To begin the story at the beginning, read "Part 1: Post 1: Beginning Again," published in January, 2013. To consult a description of the campus, read "Part 1: Post 14: The Greening of Campus," published in March, 2013.

Tuesday, July 10, 2018

Mastery Year 2: Part 4: post 4: Who Offers Thanks

The heat is on, now, full, fierce summer, the kind of weather that is delicious and lazy if the livin is easy and you have nothing particular to do, but it's miserable otherwise. Fortunately, the days are long, as though the sun, too, wants to get up early while it's still cool and linger in the evening when the air grows soft again.

I've been introducing Steve and his baby to the art of walking around just after dawn, and the equally alluring art of doing nothing at all in the shade in the afternoon. The other day, we were engaged in the nothing at all part under an elm tree near the Mansion. Charlie, Joy, and Apple Blossom and Joy sat nearby, although we hadn't said anything since we all sat down, so I am unable to say whether we were sitting together in the social sense or not. Perhaps we were all simply enjoying the same shade.

A group of young day-campers ran by, ignoring us, playing some kind of imaginative game in the sunshine. The one running in front (being chased?) turned toward the others and sang out "ooooooooooo!" while slapping at his open mouth with one hand. One of the following children said "Pow! Pow!" shooting an invisible gun. The other must have had a Star Wars blaster, because she said "Pew! Pew! Pew!" instead.

"Why don't we have any Indians here?" asked Apple Blossom.

"We have at least three," said Charlie, rattling off the names of three yearlings with ancestry on the Indian Subcontinent.

"No, I mean like them," Apple clarified, pointing to the children.

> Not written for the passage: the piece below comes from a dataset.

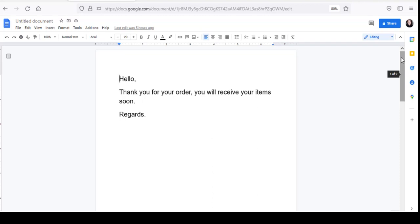Plus, what if each of your recipients has different information to be inserted into each email? For example, what if you have to send out order invoice emails informing the recipient that you received their order for a particular book, and that they'll receive it on a particular date? You'll need to include the name of the book, the price, etc. And if you have to send the same invoice to, say, 100 people, do you really want to spend time manually entering the book names and prices in each letter? Well, you don't have to — that's where Mail Merge comes in super handy.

"Them? Well, there they are."

Apple sighed and rolled her eyes. Charlie smiled, fractionally.

"How do kids learn stereotypes like that?" complained Steve.

"They're six years old," I said. "Maybe they just like making that noise."

"While pretending to be Indians," Steve added.

"Seriously, though," said Apple,"why no Native Americans?"

"I don't know that we don't," I pointed out. "I don't know everybody's ethnic background. I don't know yours."

"Mostly German," said Apple.

"I don't think they need this place," said Joy.

Charlie rolled his eyes.

"And they are an extremely small portion of the population," he put in. "Statistically, you'd expect them to be rare."

"But not non-existent," said Apple. "We're not that small a school."

"We're mostly white, here" acknowledged Steve. "When nothing changes, nothing changes."

"What do you mean, they don't need this place?" asked Apple of Joy. "I would think it would be the perfect place for them."

"Exactly. What we have to give, they already have. Like showing gratitude to the natural world."

"You can't make generalizations like that!" protested Steve, "you're totally romanticizing a culture you don't understand."

Joy looked surprised to be thus taken to task by a student, but then she shrugged her shoulders. She didn't contradict Steve, though.

Charlie reacted more forcefully.

"What, walking around giving coins to plants?" he said. I should explain that a lot of people on campus make a practice of leaving a small gift, usually a coin, sometimes a small crystal or some other offering, as thanks whenever they harvest a wild plant for any reason. Charlie has never thought well of it. "Of what possible use could a coin be to a plant? Is it going to buy itself ten cents' worth of fertilizer. Meanwhile, you get to feel all noble and shit for leaving religiously inspired trash."

"And what do you do, when you harvest a plant or an animal?" Joy asked, knowing the answer.

Charlie did not respond, Just looked at each other, but I knew the answer. And I knew that Charlie offers thanks.